Réponse apportée en séance publique le 11/06/2025

M. le président. La parole est à M. le ministre de l'économie, des finances et de la souveraineté industrielle et numérique.

M. Éric Lombard, ministre de l'économie, des finances et de la souveraineté industrielle et numérique. Monsieur le sénateur Philippe Grosvalet, quel est le défi auquel notre pays doit faire face ? C'est de produire plus !

En effet, le PIB par habitant est maintenant de près de 20 % plus faible en France que chez nos voisins en Europe, alors même que notre niveau de dépense publique est supérieur. Or si nous voulons produire plus, nous avons besoin d'entreprises et d'entrepreneurs. (Protestations sur les travées des groupes GEST, SER et CRCE-K.)

Voilà pourquoi, sous l'autorité du Premier ministre, nous élaborons des mesures, qui seront dévoilées à la mi-juillet, visant à soutenir les entreprises sans alourdir l'impôt sur les entreprises et sur les personnes. (M. Akli Mellouli s'exclame.)

J'ai lu la tribune que vous avez mentionnée et je confirme mon respect pour Gabriel Zucman. Cependant, si une telle taxe était mise en place, nous nous exposerions à deux risques.

Le premier est que, vu le niveau d'imposition proposé, les entrepreneurs doivent vendre, petit à petit, des parts de leur entreprise. (Protestations renouvelées sur les travées des groupes GEST, SER et CRCE-K.) Bien sûr que oui !

Le second risque, qui est le principal, quoi qu'en disent les uns et les autres, est celui de la délocalisation.

M. Rachid Temal. Un peu de sérieux !

M. Mickaël Vallet. Les voilà, les patriotes, les vrais !
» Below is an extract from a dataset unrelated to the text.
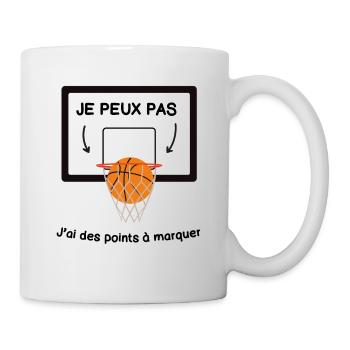 humour basketball - Mug blanc - blanc - Droite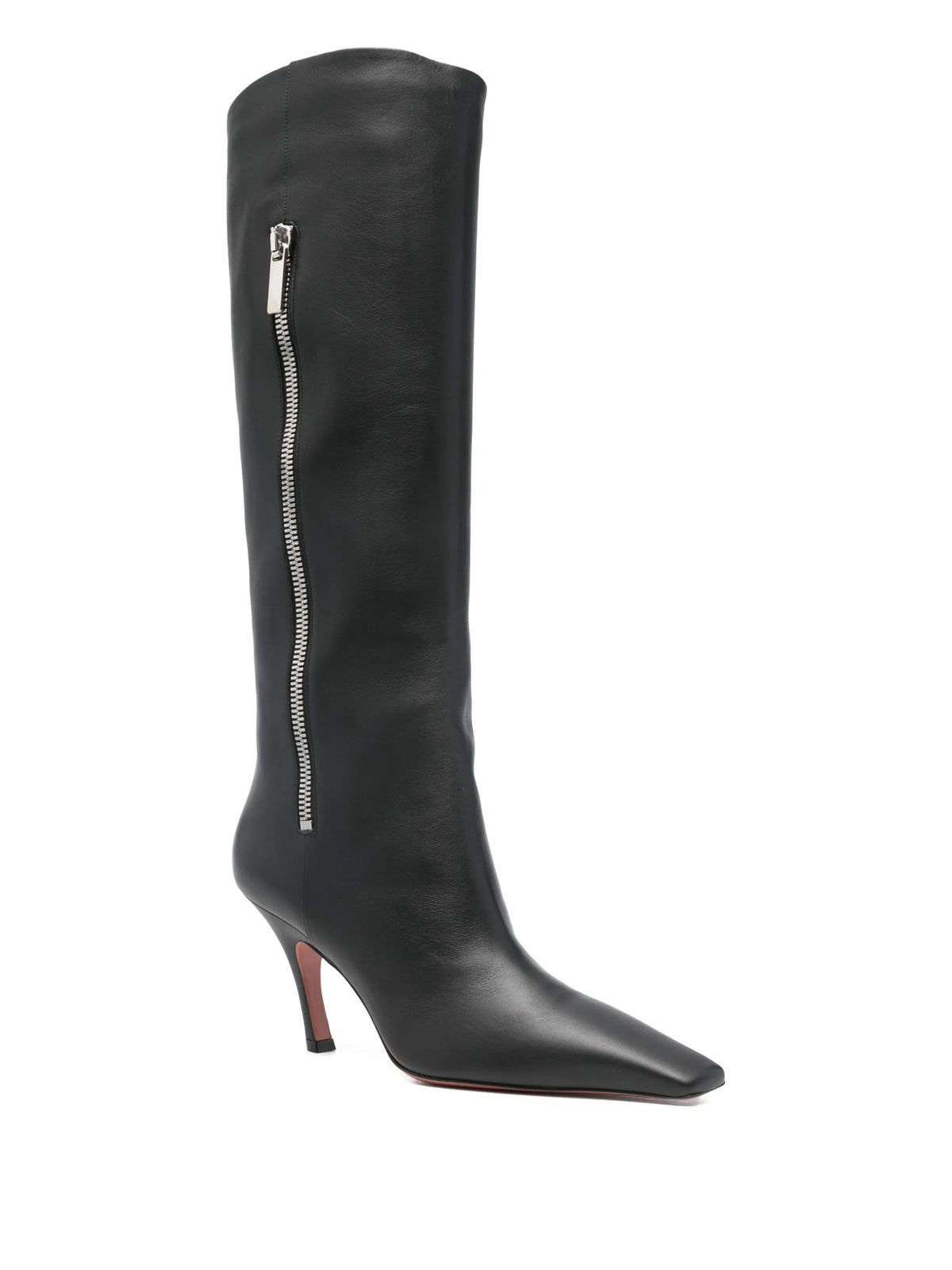 Amina Muaddi - Mona Side-zip Square-toe Boots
M. Éric Lombard, ministre. En effet, tout comme moi, vous avez constaté l'ampleur des délocalisations qui ont eu lieu lorsque, à deux reprises, l'impôt de solidarité sur la fortune (ISF) était importé dans notre pays, entraînant le départ de nombreux patrimoines. Aujourd'hui, avec la libéralisation de toutes les règles et la concurrence fiscale entre les pays, à n'en pas douter, nous assisterions à l'exil des grandes fortunes, ce qui serait préjudiciable à l'investissement comme à nos ressources fiscales.

Cela étant, nous réfléchissons à la contribution des patrimoines importants à l'effort d'ensemble. (Protestations sur les travées du groupe GEST.) Je vous concède ce point, monsieur le sénateur. C'est pourquoi, avec ma collègue Amélie de Montchalin, je cherche à traiter les niches privilégiant ceux qui ont déjà les avantages de la fortune et des revenus. Nous préférons, dans ce cadre, les mécanismes de lutte contre la suroptimisation aux mesures qui risqueraient de priver notre pays de son avantage en termes d'attractivité, puisqu'il est la première destination pour les investissements en Europe depuis maintenant six ans. (Applaudissements sur des travées des groupes RDPI et INDEP.)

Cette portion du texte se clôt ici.